A folk song describing the yearning of a married girl, the yearning that is there to stay. The yearning of her parental home, where she played, led a carefree life, blossomed in the care of her parents, soaked in the love of her siblings. She yearns for those sawan ke jhoole in the front yard, where she played with her sakhiyan. She is sad and melancholic remembering her carefree days. The rains, monsoon clouds bring back those memories to her.
Ambuvaa tale phir se jhoole padenge
Rimjhim padengi phuharein
Lautengi phir tere aangan mein babul
Sawan ki thandi baharein
Chhalake nayan mora kaske re jiyara
Bachpan ki jab yaad aaye re
A home that signifies protection and pampering. A home that was the heavenly abode of her toys, specially her dolls. Suddenly becomes a stranger to her and ironically, she is getting herself invited to that abode which was once hers. Finding some excuses just to be there. Cherishing the childhood memories which bring tears to eyes and a lump in her throat.
Bairan jawani ne chhene khilaune
Aur meri gudiya churayi
Babul thi main teri naazon ki paali
Phir kyun hui main parayi
Beete re jug koi chitthiya na paati
Na koi naihar se aaye re
Asha Bhonsle’s rendition is just superb. She’s all perfection. The sentiments she brings with each throw of the word, a daughter readily connect with her. The song is also a painful reminder of a dark chapter in her erratic personal life. Asha had run away from her home, at the age of 14, to marry the wrong person. The shocked and angered members of her conservative family snapped all the ties with her. Singing was the only thing she knew after her marriage went sour. By and by she became one of the top singers. While rehearsing for this song, she wasn’t getting the exact emotions in her words. It was then that S D Burman suggested her to remember her brother, her family. Her mental frame was now as it was wanted in the song. She broke down remembering her family. Thus, came out the expressive singing of this immortal song. Song of a wailing yet a poised heart.

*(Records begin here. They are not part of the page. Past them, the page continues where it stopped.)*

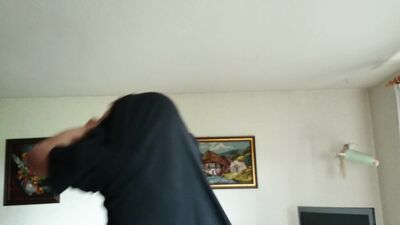 Markus Pelzs Big Load: A Handjob Porn Experience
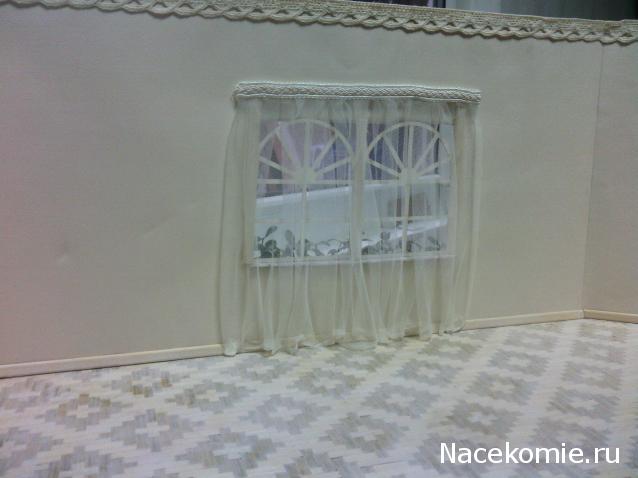 leonidovna - Ниша мечты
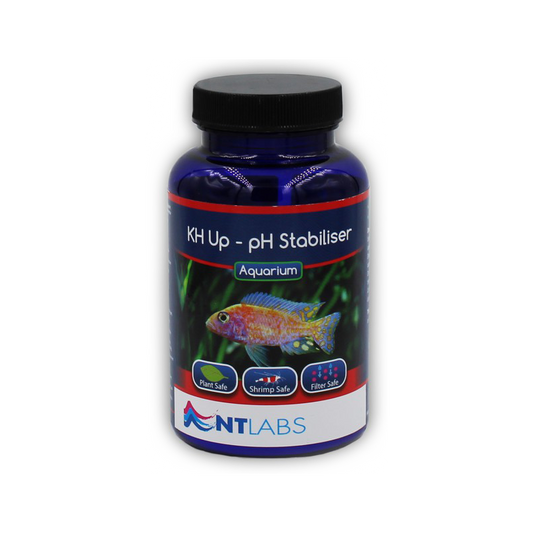 NT Labs pH Stabiliser KH Up 180g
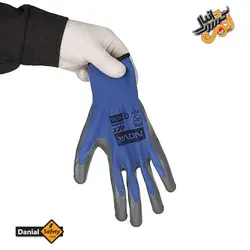 دستکش ایمنی نووا مدل NTG9008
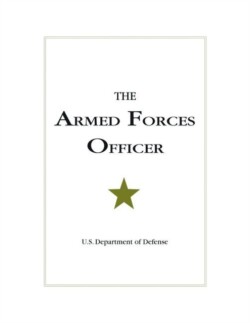 Armed Forces Officer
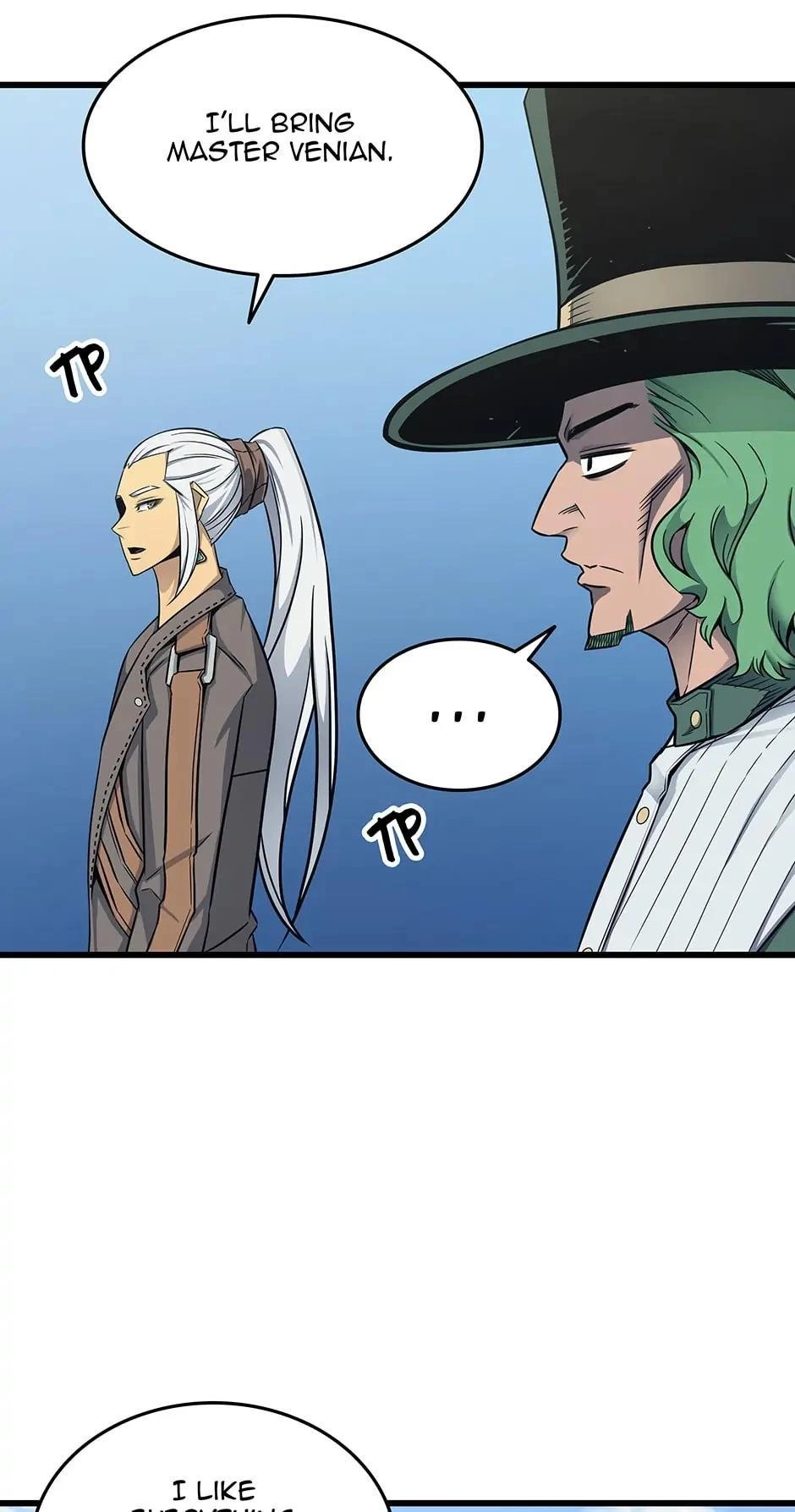 The Great Mage Returns After 4000 Years Chapter 130 Page 33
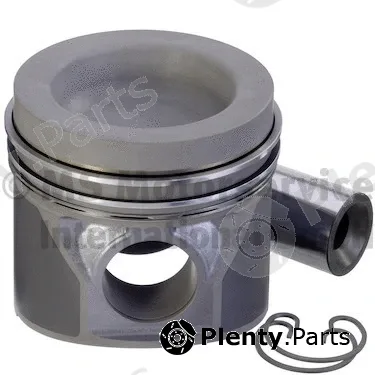 Kolbenschmidt 40922600 — Piston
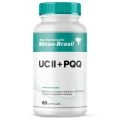 UC II + PQQ 60 Cápsulas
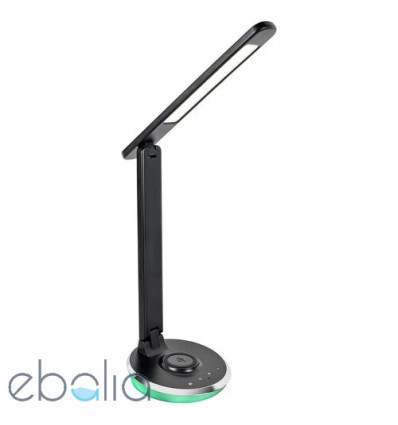 Lampy stołowe Jacey Rabalux (74226)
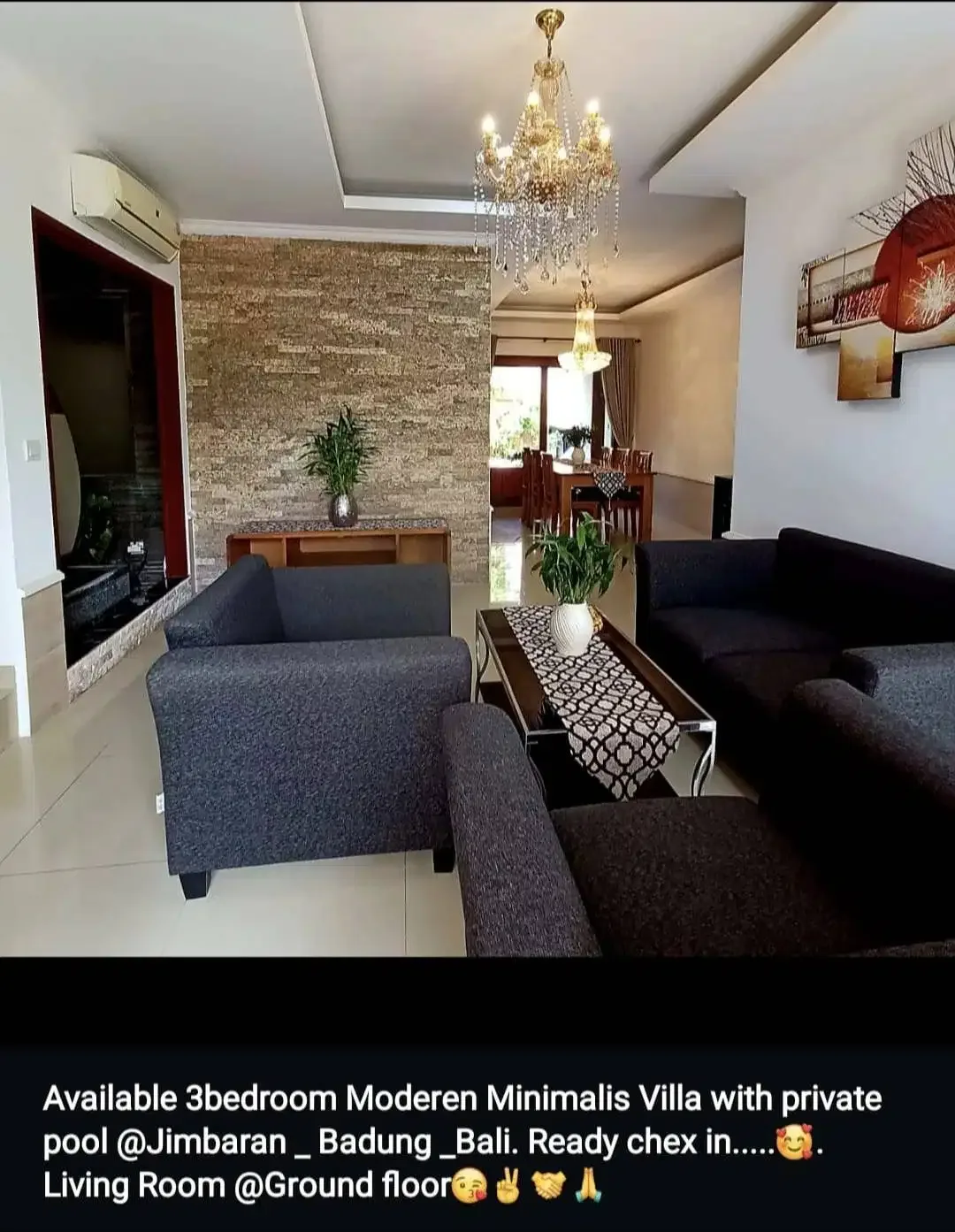 For Rent or Sale Villa minimalis close to kfc and mcd jimbaran. - Image 10 of 10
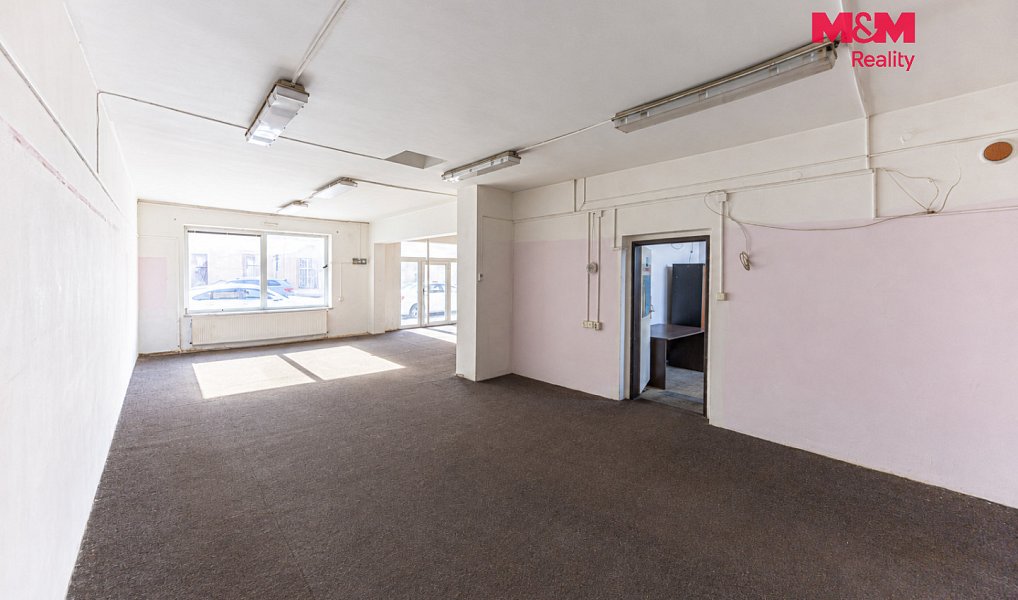 Pronájem obchodních prostor 890 m², Čáslav – náhled fotky 8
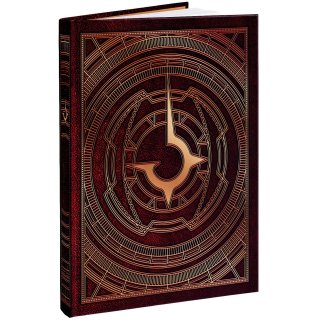 Dune RPG: House Harkonnen Collectors Edition Rulebook (EN)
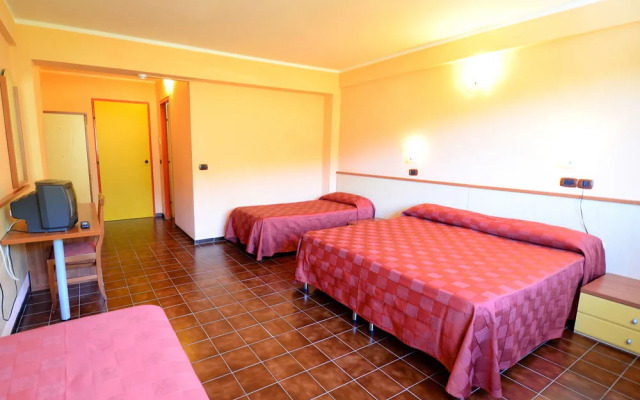 Hotel Residence TuttoSport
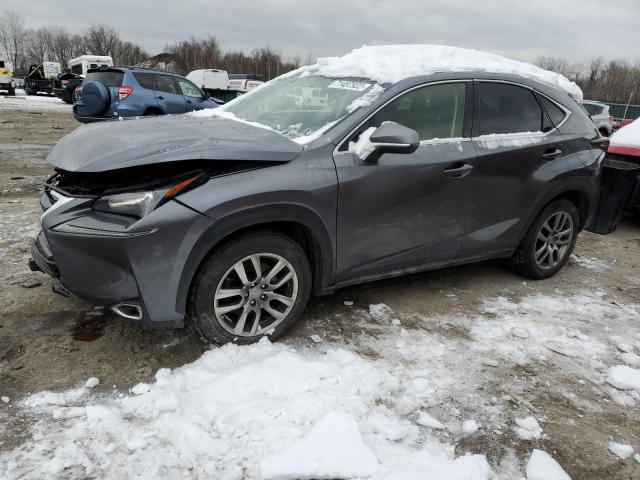 LEXUS NX 200T 2015 jtjbarbz0f2001150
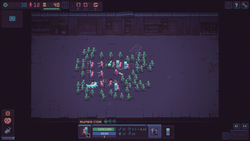Despot's Game: Dystopian Army Builder (для ПК, цифровой код доступа)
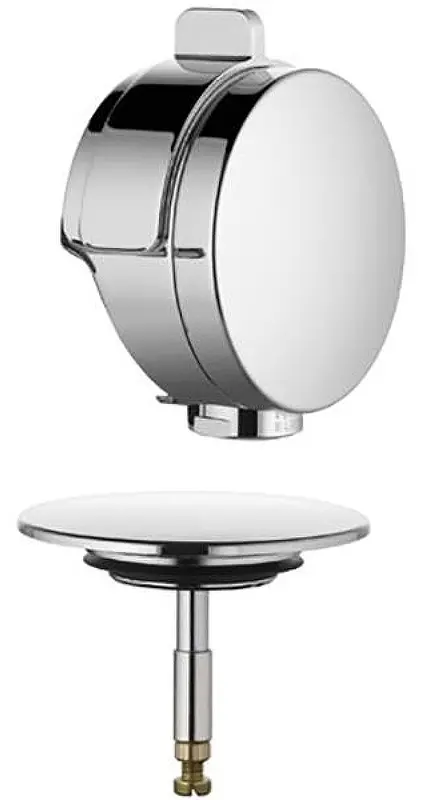Сифон KLUDI Rotexa 2120005N-00 50 мм купить,230800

S D Burman has kept the use of instruments negligible, bringing out the pathos in the song aptly. It brings out the sadness of lost innocence, the need of reconnecting with those days which will never come back. The situation of the song in the movie though makes you wonder about the lyrics. Are they really Nutan’s thoughts for her parental home? Being in the prison, she yearns for the freedom from its monotonous life. She has already lost her family, her brother, her father. There’s no one out there waiting for her. It is her inner turmoil, the thoughts of her disrupted heart. Bimal Roy has beautifully picturised it. The prison, the hand mill defining the monotonous life. Nutan anxiously looking at the huge walls of the prison which signify the walls created by her around herself. She needs to bring down those walls to be herself again. Giving the feeling of back home again.
Professing her thoughts to be herself, wringing out her heart’s pain, defining the transition of a girl to a woman, a daughter sings this timeless beauty!!!